Paylaş
Başbakan Çipras’ın da Lozan’la ilgili sözlerinden anlaşılıyor ki, Atina bunun için hazırlanmış. Türkiye’deki lüzumsuz Lozan polemiklerini Lozan’a karşı resmi bir tavırmış, Türkiye’nin gizli emelleri varmış gibi göstermek istiyorlar.
Lozan elbette revizyon ihtiyacı olmayan, kökleşmiş bir antlaşmadır. Birinci Dünya Savaşı sonunda imzalanıp da İkinci Dünya Savaşı’nı da geçerek 21. yüzyıla ulaşmış kapsamlı tek antlaşmadır.
AZINLIĞIN ADI NE?
Cumhurbaşkanı Erdoğan, Lozan’ın Yunanistan tarafından ihlal edilen düzenlemelerini hatırlatmakla iyi yaptı. Fakat çok önemli bulduğum bir sorun eksik kaldı.

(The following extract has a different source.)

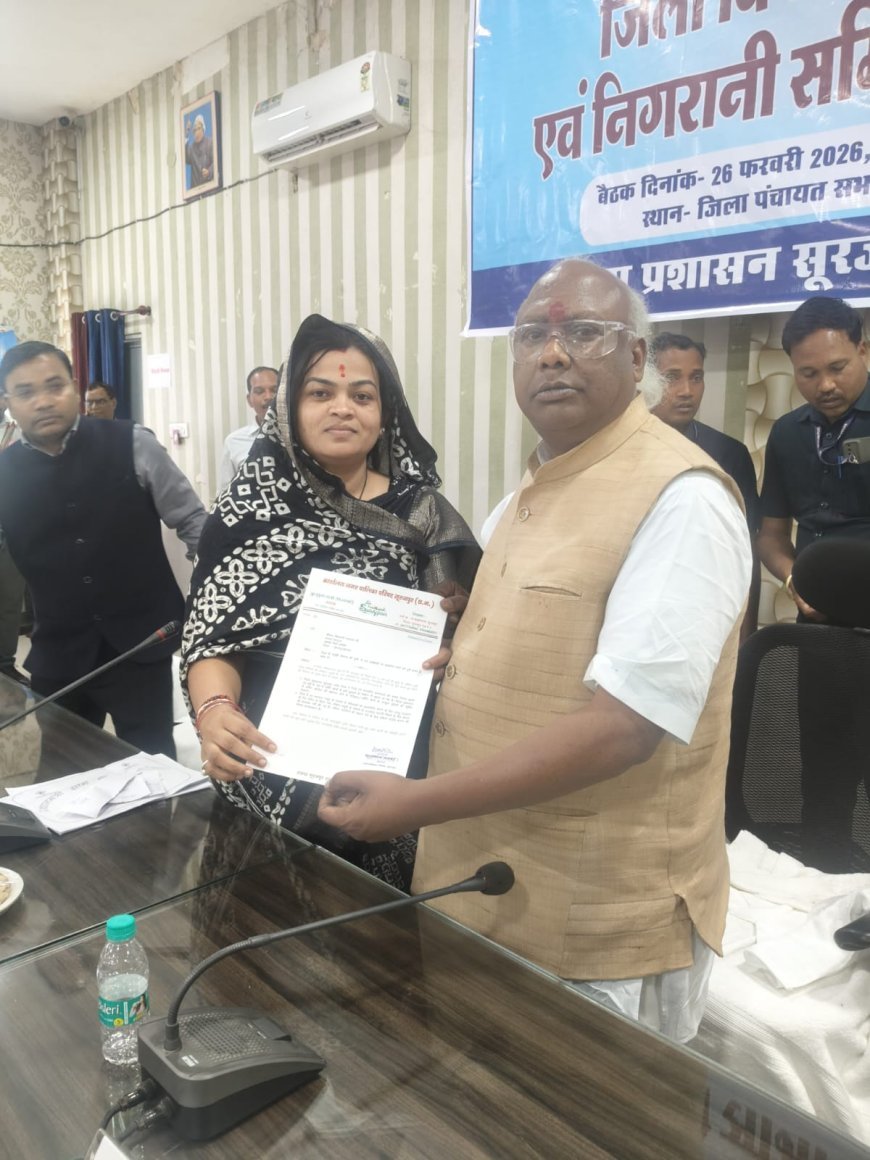 दिशा समिति बैठक में उठी विकास की ठोस मांग:नगर पालिका अध्यक्ष श्रीमती कुसुमलता राजवाड़े ने सौंपा ज्ञापन, नर्सिंग कॉलेज व महिला समृद्धि बाजार की स्थापना की मांग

O sorun Çipras’ın “Türkiye’deki Yunan azınlığı” kavramını vurgulamış olmasıdır. Atina öteden beri “Grek” kelimesini hem Rum hem Yunan anlamında kullanıyor. Ama Batı Trakya’ya gelince sadece “Müslüman azınlık” diyor, onların “Türk” olduğunu reddediyor. Hatta “Rodop İli Türk Kadınları Derneği” gibi sivil kuruluşları yasaklıyor.
Atina’nın gerekçesi, Lozan Antlaşması’nda “Müslüman azınlık” denilmiş olmasıdır.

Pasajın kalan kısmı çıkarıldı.